This article appears in the latest print issue of Tribune


Councillor Matthew Brown is Leader of Preston City Council and Senior Fellow for Community Wealth Building with The Democracy Collaborative. Councillor Asima Shaikh is the Cabinet Member for Inclusive Economy and Jobs on Islington Council.  

As we face into a general election, Labour is clear about its historic mission for Britain. The coming months will see us build on our 2017 manifesto and its bold commitment to change. Our party in 2019 aims to break with neoliberalism and build new economic models that can facilitate the development of a truly democratic society.

But this does not have to be something we wait for. Where Labour is already in power we are taking steps towards that goal. Questions about ownership and control of our local economies are being addressed by a new wave of municipal socialism emerging in many parts of the country. The responses are principled and pragmatic, the values are universal but applied creatively in different contexts.

Our Labour councils of Preston and Islington are two key examples. As a small city in the north of England, Preston has witnessed decades of deindustrialisation and disinvestment. Islington in central London, on the other hand, has no problem attracting inward investment. But wealth extraction, driven by rapacious developer-led growth and the financialisation of the property market, has contributed to deep and persistent inequalities, social exclusion and poverty. Both areas are challenging these systemic failures by applying principles of Community Wealth Building and economic democracy.

Central to this is our commitment to insource services and encourage new forms of municipal ownership. Islington has seen one of the biggest insourcing efforts in the UK. Its Labour Council has brought £380 million worth of services back in house, including housing management and repairs, refuse collection, street cleaning, grounds maintenance, education management, concierge services, cleaning and temporary accommodation. This has helped 1,200 frontline staff receive the London Living Wage and improved terms and conditions, alongside resident satisfaction. The insourcing policy was a political choice made after Islington Council launched the UK’s first Fairness Commission in 2010.

Preston as a smaller northern authority retains the vast majority of its services in-house and recently brought the operation of two cafes in its buildings into local authority control with the recruitment of new staff. As part of its “anchor strategy” Preston works across its local public sector, including with Labour’s Police and Crime Commissioner Clive Grunshaw who recently brought custody suites back into the Lancashire Constabulary from outsourcing giant G4S. Preston City Council is also committed to a multimillion pound cinema and restaurant development in municipal ownership expected to yield a significant return for residents in the long-term.

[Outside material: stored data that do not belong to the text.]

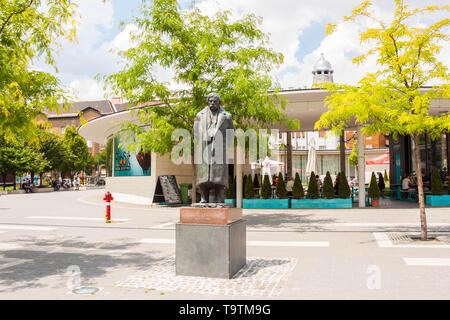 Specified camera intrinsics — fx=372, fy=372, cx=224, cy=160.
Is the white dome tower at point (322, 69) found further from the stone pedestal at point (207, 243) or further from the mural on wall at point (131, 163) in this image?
the stone pedestal at point (207, 243)

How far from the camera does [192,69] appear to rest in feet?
41.1

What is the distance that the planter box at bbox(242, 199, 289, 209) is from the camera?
17.6m

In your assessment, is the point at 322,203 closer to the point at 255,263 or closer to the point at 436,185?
the point at 436,185

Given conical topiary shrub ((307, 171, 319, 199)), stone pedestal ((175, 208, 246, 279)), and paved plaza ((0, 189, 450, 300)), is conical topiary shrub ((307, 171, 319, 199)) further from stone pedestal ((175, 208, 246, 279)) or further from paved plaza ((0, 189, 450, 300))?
stone pedestal ((175, 208, 246, 279))

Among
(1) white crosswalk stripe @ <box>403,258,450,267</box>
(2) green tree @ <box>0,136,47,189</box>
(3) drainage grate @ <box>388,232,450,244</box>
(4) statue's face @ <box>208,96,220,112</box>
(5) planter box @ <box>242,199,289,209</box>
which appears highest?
(2) green tree @ <box>0,136,47,189</box>

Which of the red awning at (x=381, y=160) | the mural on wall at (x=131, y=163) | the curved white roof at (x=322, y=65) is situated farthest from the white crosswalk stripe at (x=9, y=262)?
the curved white roof at (x=322, y=65)

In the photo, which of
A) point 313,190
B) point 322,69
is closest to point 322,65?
point 322,69

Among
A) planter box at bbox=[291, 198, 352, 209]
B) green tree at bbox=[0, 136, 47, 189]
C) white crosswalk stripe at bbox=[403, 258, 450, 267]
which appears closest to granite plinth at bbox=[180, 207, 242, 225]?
white crosswalk stripe at bbox=[403, 258, 450, 267]

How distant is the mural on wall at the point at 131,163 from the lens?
2125 centimetres

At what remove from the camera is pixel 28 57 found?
7.61 metres

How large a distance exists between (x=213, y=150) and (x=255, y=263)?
2281 mm

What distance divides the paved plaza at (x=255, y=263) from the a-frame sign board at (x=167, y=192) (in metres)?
7.00

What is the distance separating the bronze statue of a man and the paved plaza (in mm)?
1515
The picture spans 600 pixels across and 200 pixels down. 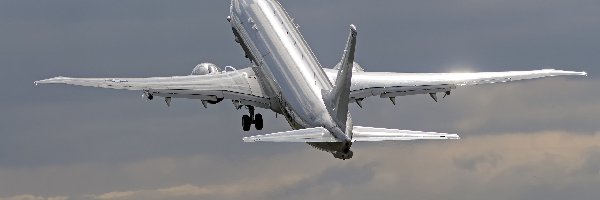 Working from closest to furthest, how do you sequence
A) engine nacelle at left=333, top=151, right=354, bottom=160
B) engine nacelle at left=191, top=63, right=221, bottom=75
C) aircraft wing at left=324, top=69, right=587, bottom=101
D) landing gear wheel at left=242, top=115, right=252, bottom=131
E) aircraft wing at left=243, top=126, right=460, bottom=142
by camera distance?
aircraft wing at left=243, top=126, right=460, bottom=142 → engine nacelle at left=333, top=151, right=354, bottom=160 → aircraft wing at left=324, top=69, right=587, bottom=101 → landing gear wheel at left=242, top=115, right=252, bottom=131 → engine nacelle at left=191, top=63, right=221, bottom=75

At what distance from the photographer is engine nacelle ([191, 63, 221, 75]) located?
151 meters

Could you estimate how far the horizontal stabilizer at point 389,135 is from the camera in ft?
398

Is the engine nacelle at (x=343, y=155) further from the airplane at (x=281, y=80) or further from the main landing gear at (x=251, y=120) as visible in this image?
the main landing gear at (x=251, y=120)

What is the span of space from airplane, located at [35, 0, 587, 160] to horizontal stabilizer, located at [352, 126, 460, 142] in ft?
11.4

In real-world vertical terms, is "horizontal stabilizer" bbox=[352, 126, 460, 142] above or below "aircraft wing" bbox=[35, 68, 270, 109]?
below

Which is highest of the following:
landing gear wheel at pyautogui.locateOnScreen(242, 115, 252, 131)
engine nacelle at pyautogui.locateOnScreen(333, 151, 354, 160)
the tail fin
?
landing gear wheel at pyautogui.locateOnScreen(242, 115, 252, 131)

In addition to insourcing and municipal ownership, both Labour authorities are advancing wider community wealth building strategies. Islington Affordable Workspace Strategy harnesses its powers as a planning authority to secure commercial spaces at peppercorn rent. The new workspaces are managed by providers drawn from the co-operative, social enterprise and charity sectors. Social value is embedded in contracts, with space given to providers for free in return for creating long-term benefits for local people and businesses.

Islington Council has also purchased commercial leases, with the first workspace contract awarded to an expanding digital worker cooperative Outlandish, which will be based in the borough. The municipal energy company Angelic Energy has begun operations, with Jeremy Corbyn one of its first customers. Islington is also challenging the developer-led approach to economic regeneration by requiring 50 per cent affordable housing on new developments. Its council was even forced to defend this in the courts when viability assessments were used to avoid social housing commitments.

Preston, meanwhile, is leading the charge to establish a fully-licensed north west community bank, which is projected to lend £400 million to local businesses and individuals as a viable alternative to the corporate banking sector. The public pension fund it belongs to is investing up to £100 million in its local economy as well as Preston City Council itself, and is seeking to build on this with a Lancashire Wealth Fund to combine pension monies with other public and private sector investments to create a more democratic, locally-controlled pool of wealth.

Preston’s work with its anchor institutions has seen an additional £75 million spent with Preston-based enterprises by the local public sector and is calculated to have added an additional 1,600 jobs in one year. Now we are aiming to become one of the first Living Wage Cities, with over 50 Living Wage employers in the borough. We’re also working with the University of Central Lancashire (UCLan) and Spain’s Mondragon Cooperative Corporation to establish 10 new worker cooperatives in the next two years.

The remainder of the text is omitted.